UN AMOUR CIRCONSTANCIEL ET UNE MEFIANCE PERMANENTE
Dans un environnement économique morose, le paysage médiatique a connu une expansion des publications à partir d’une certaine complicité avec des milieux d’affaires ou des hommes politiques à la conscience troublée.
Entre la presse et l’Etat, c’est l’histoire d’un amour circonstanciel teinté d’une méfiance permanente. La cause nationale, présentée comme leur dénominateur commun, est aussi le diviseur qui atteste de l’impossibilité d’une vision partagée sur l’ensemble des questions qui rythment la vie de la République et de la Nation.
L’autorité de l’État souffre difficilement qu’il puisse exister un contre-pouvoir à la voix tonitruante et, de surcroît, une voix qui peut être déstabilisante.
Face à cette posture, perçue à tort ou à raison comme de la paranoïa, la presse cède à la tentation de s’ériger en dompteur d’un régime qui entend consolider ses premiers pas dans la gouvernance publique. Elle prend même le risque de porter des batailles par procuration, parce que les intérêts de ses alliés sont menacés au point que sa propre survie devient un enjeu brûlant. Dans un environnement économique morose, le paysage médiatique a connu une expansion des publications à partir d’une certaine complicité avec des milieux d’affaires ou des hommes politiques à la conscience troublée.
Le panorama ainsi établi est tout ce qu’il y a de plus pervers pour la presse. La démultiplication des établissements de formation, au cursus biaisé, a déversé sur le marché de l’emploi des aspirants « journalistes » abandonnés à leur sort. Faute de mieux, ils se bousculent aux portes des groupes de presse où certains dirigeants, plus affairistes que journalistes, les exploitent sans scrupule et les maintiennent dans une médiocrité ambiante. Peu importent les codes du travail et de la presse qui leur confèrent théoriquement des avantages pécuniaires, matériels ainsi que des droits sociaux.

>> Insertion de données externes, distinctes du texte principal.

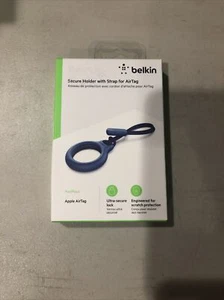 Belkin Secure Holder with Strap for Apple AirTag Blue New Factory Sealed - Picture 1 of 2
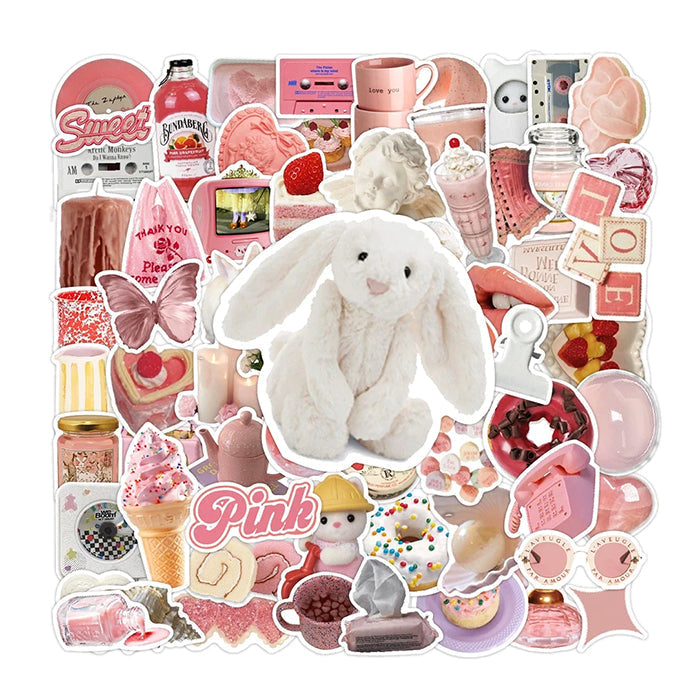 Soft Girl Aesthetic Sticker Pack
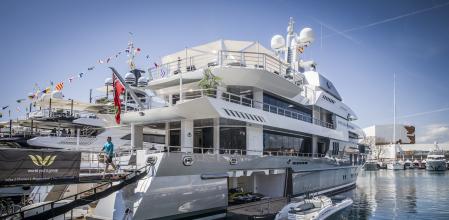 25 - 04 - 2022 / Barcelona / MYBA Charter Show, Feria de superyates en el Port de Barcelona / Foto: Llibert Teixidó - Stela Maris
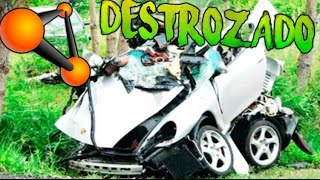 TOTALMENTE DESTROZADO  CAR PARKOUR EN BEAMNGDRIVE  Makiman [upl. by Satterlee]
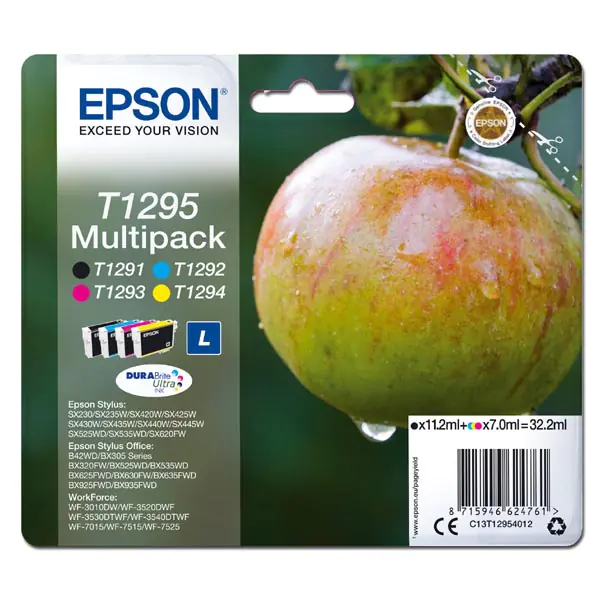 ⁨Epson oryginalny ink / tusz C13T12954012, T1295, CMYK, 32,2ml⁩ w sklepie Wasserman.eu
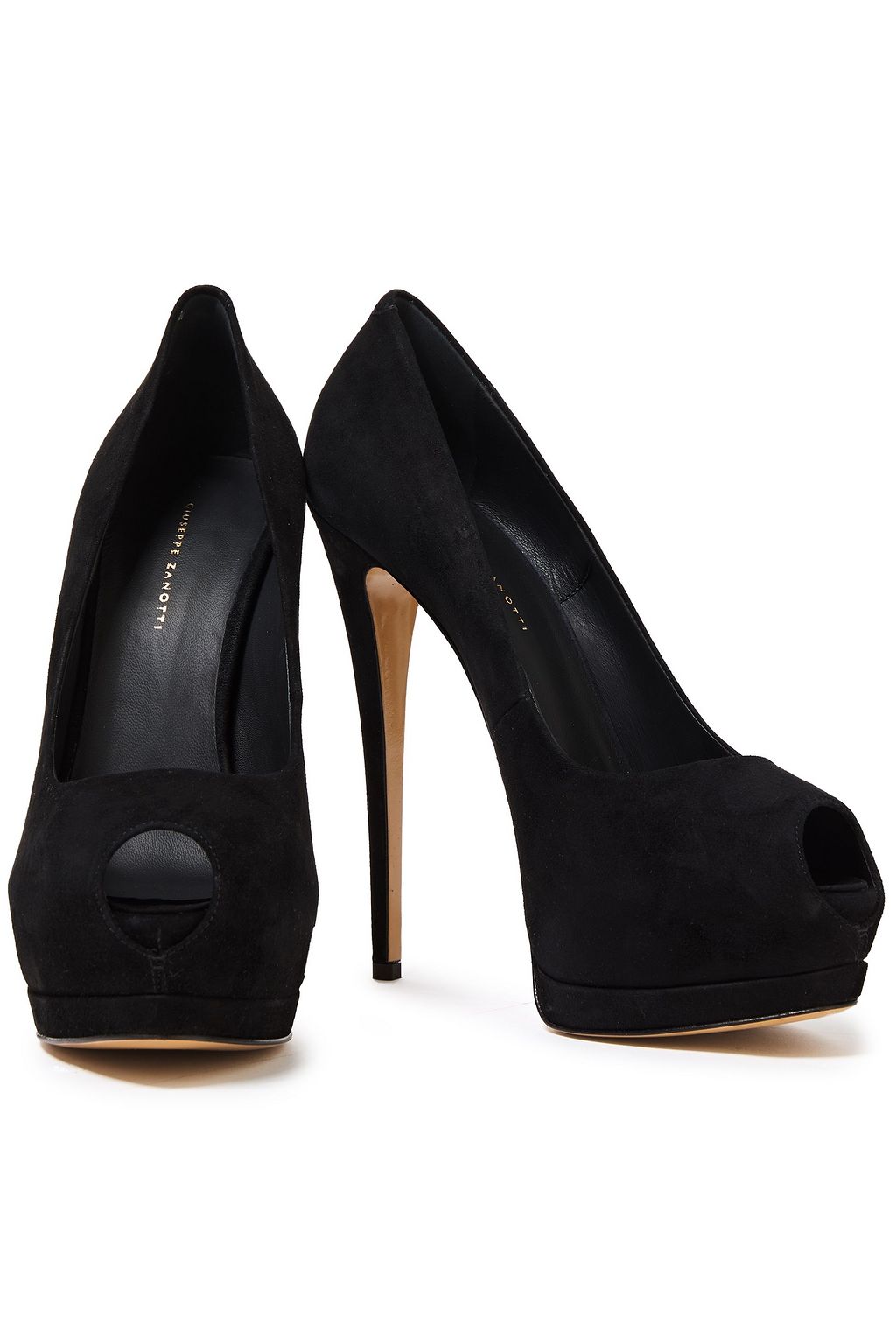 GIUSEPPE ZANOTTI Sharon 105 suede platform pumps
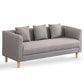 23.23" H Linen Square Arm Sofa with Tight Back Sofa for Living Room, Apartment Light Gray Clearhalo 'furn' 'furn_sofas' 'Furniture' 'furniture_sofas' 'Living Room Furniture' 'Sofa' 'sofas' 4955347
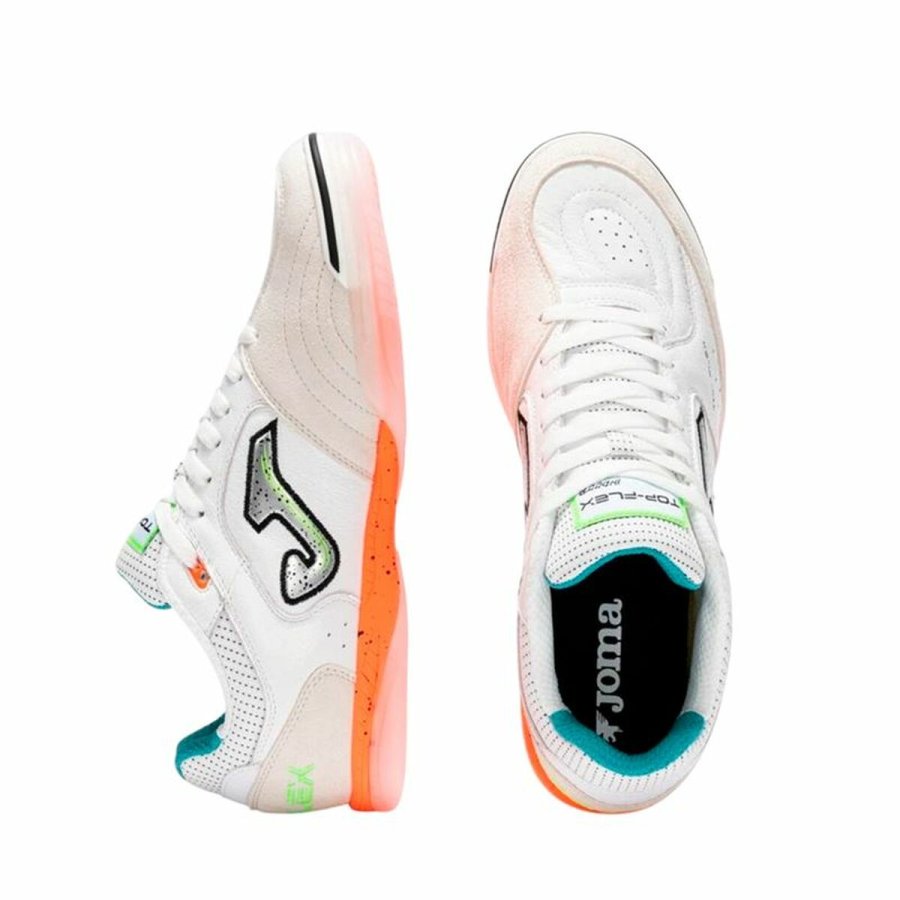 Indendrs fodboldstvler til voksne Joma Sport Top Flex 2532 Hvid #3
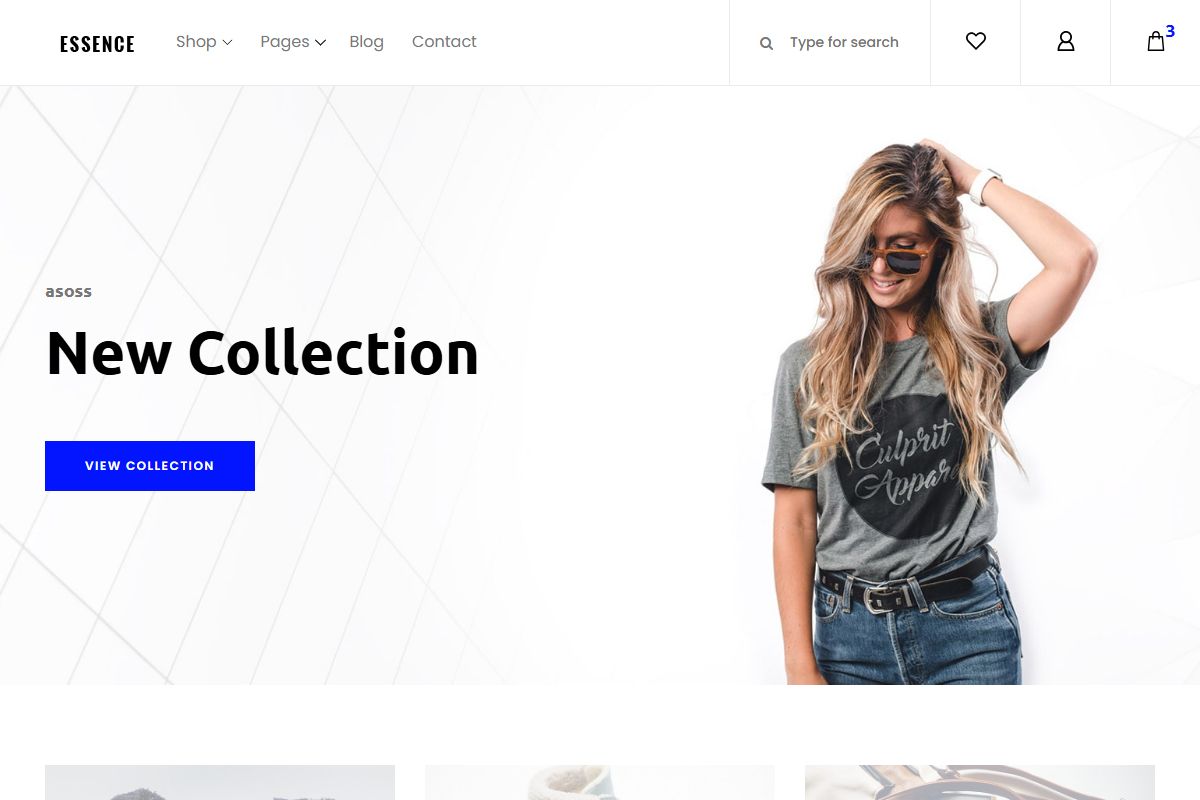 Essence Fashion Ecommerce Template 892
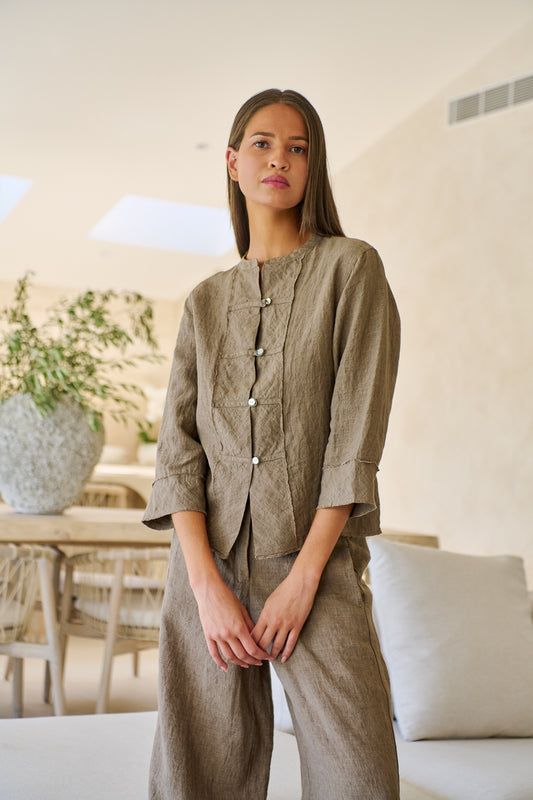 Naturals GA687 Linen Top - Agate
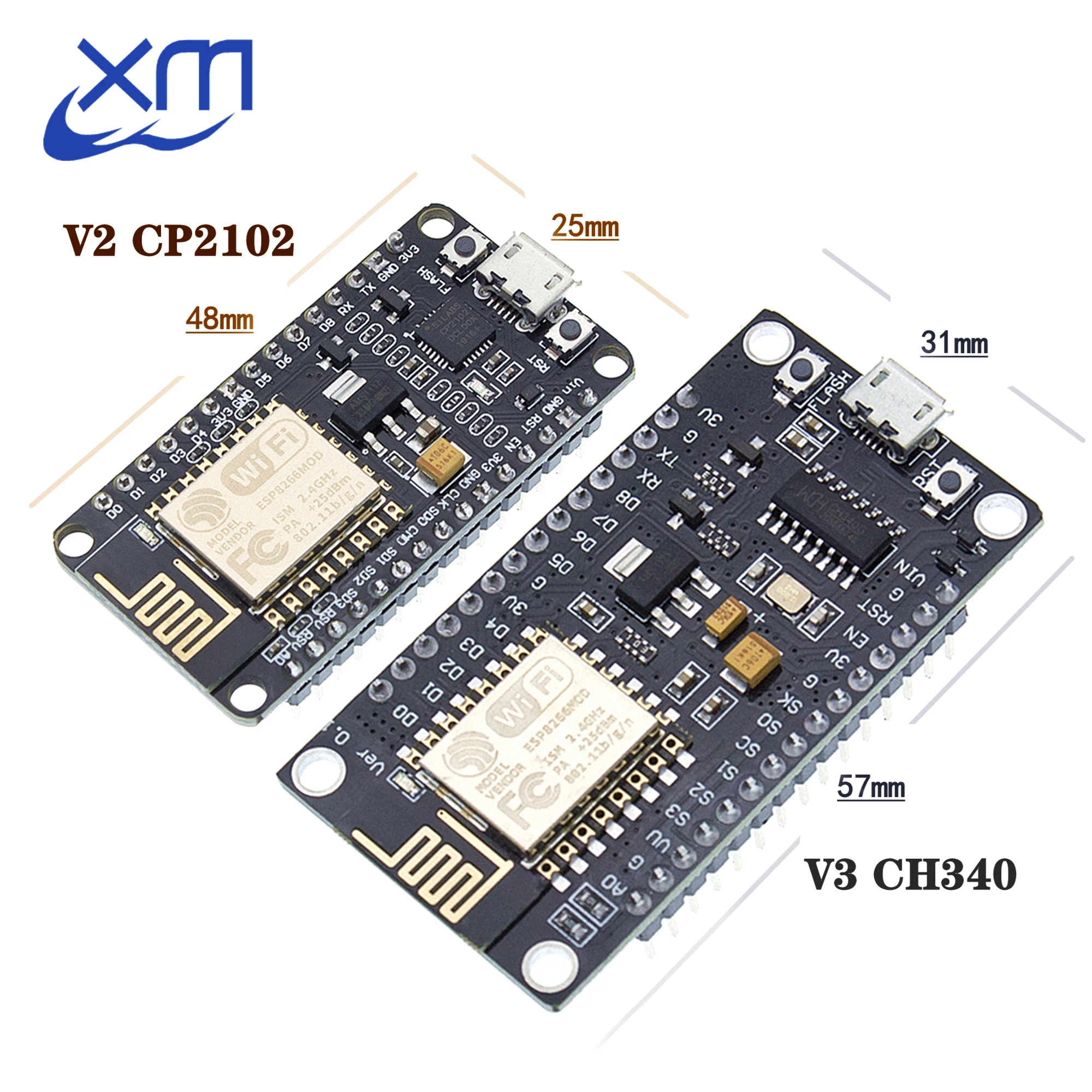 Wireless module NodeMcu v3 v2 ESP32 D1MINI Lua WIFI development board ESP8266 with pcb Antenna and usb port ESP 12E CH340 CP2102|nodemcu v3|lua wifiwireless module - AliExpress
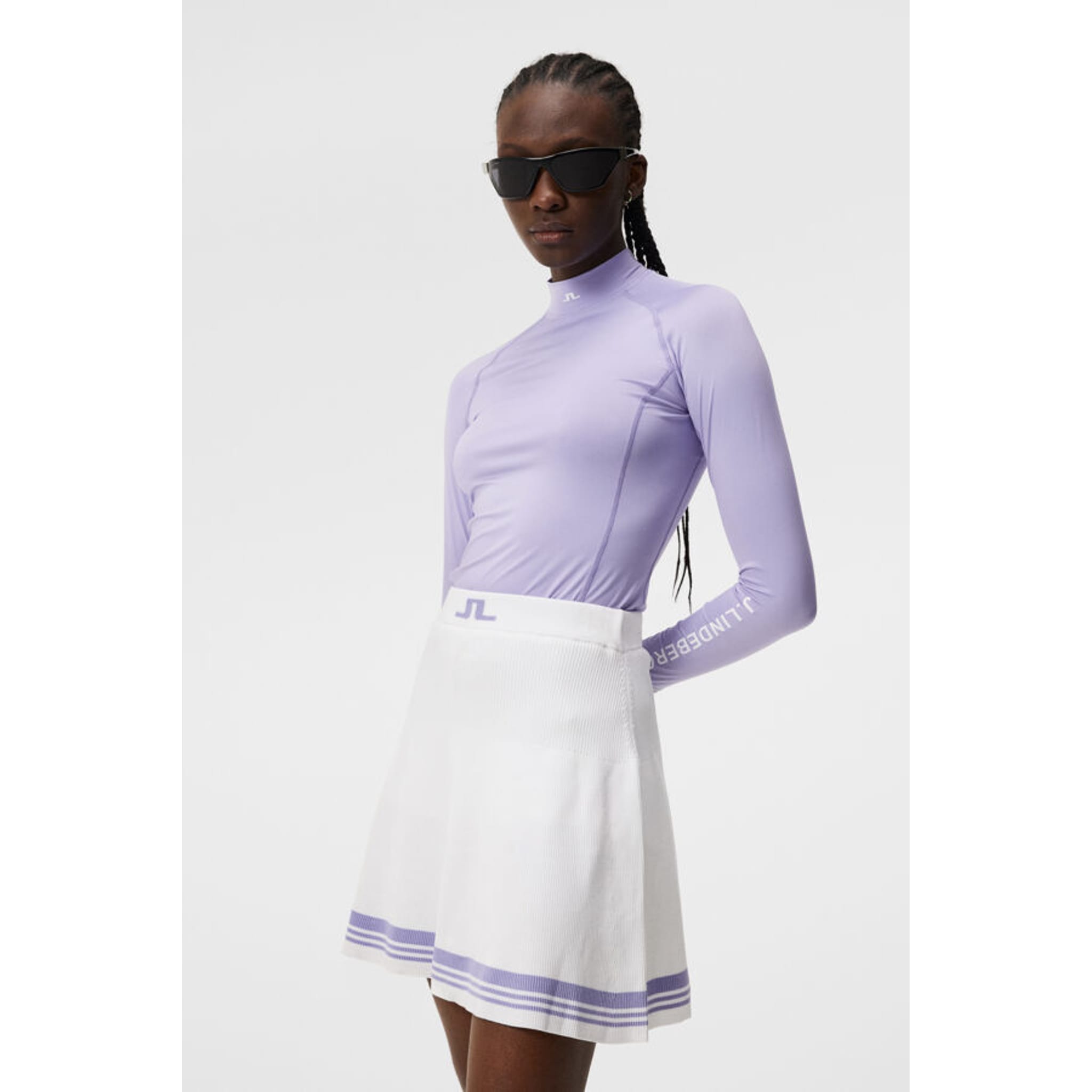 J. Lindeberg Asa Soft Compression Top Dámské Sweet Lavender Dámské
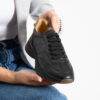 Sneakers damă negri din piele naturală Melody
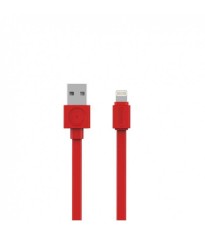 Cablu alimentare sincronizare de date USB - Lightning 1.5m rosu Allocacoc foto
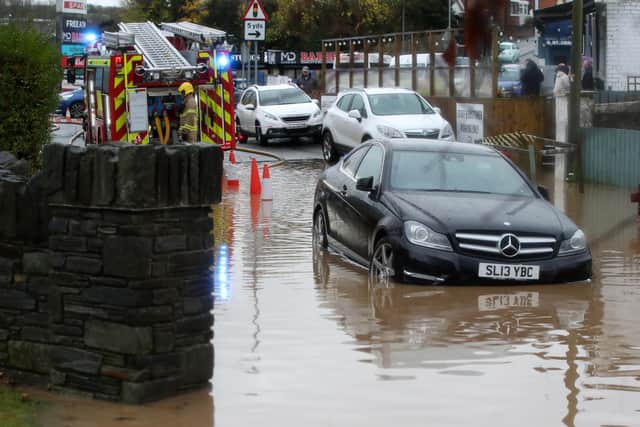 Flooding at Moat Park in Dundonald, Belfast. Photograph by Declan Roughan / Press Eye
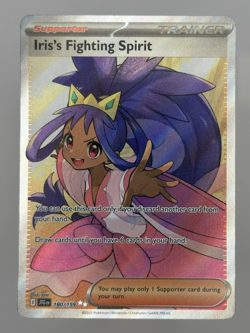 Iris’s Fighting Spirit - 180/159 - Pokemon TCG - Journey Together - JTG EN - Image 1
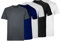 FATASH Men’s Size - XL Pack of 5 Pcs T-Shirt Plain Crew Neck Style Running Sports Gym Comfortable Casual Active Wear Organic Soft Cotton Regular Slim Fit Half Sleeve Multipack Colors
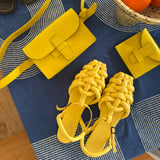 Belt Sac in Lemon Yellow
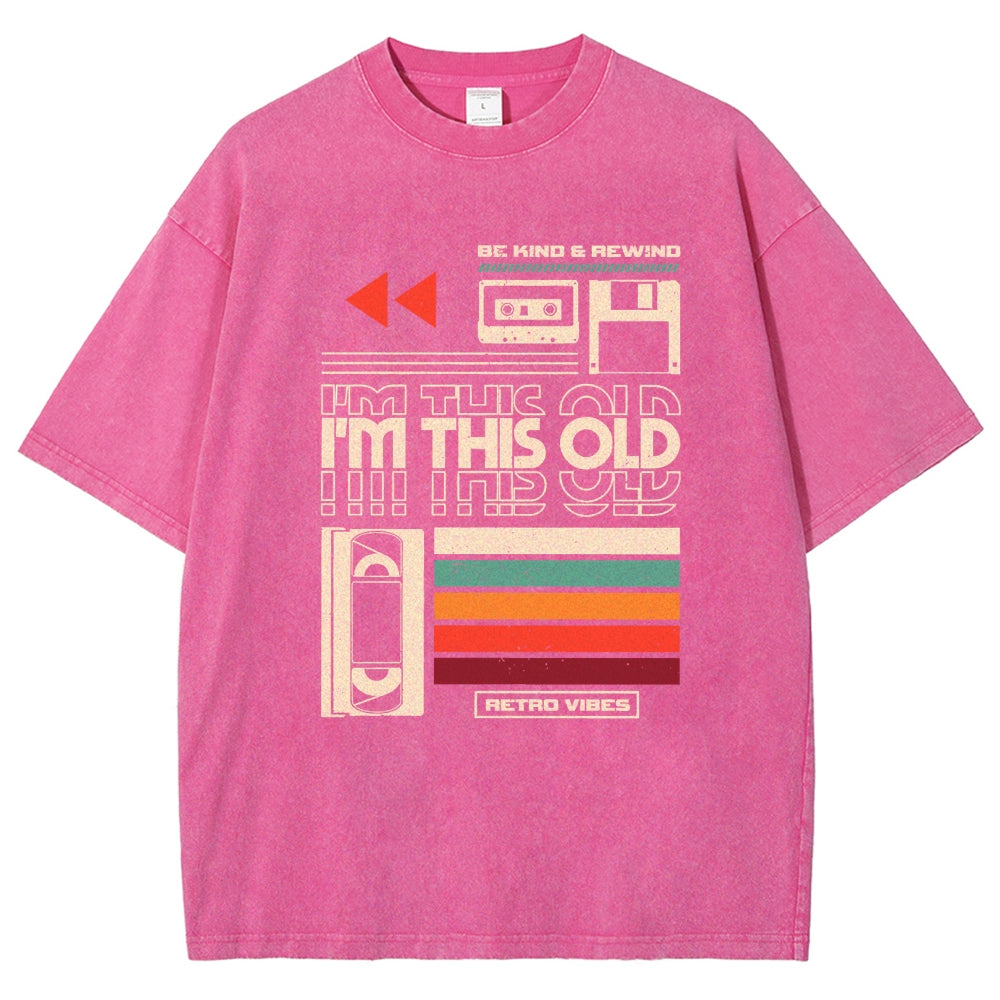 Im This Old V2 Vintage Distressed T-shirt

Ainsi fragilisés, ces journalistes cherchent à combler le gap des salaires modiques à travers des relations d’intérêts.
Pour corriger cette situation inique et très préjudiciable à la qualité de la presse et à l’objectivité de la relation avec l’État, l’autorité doit nécessairement concevoir et dérouler une meilleure politique de formation et d’emploi pour la presse. Une meilleure politique économique aussi pour faire des entreprises de presse des entités viables qui ne soient pas abonnées tout le temps à la main tendue et aux effacements de dettes fiscales.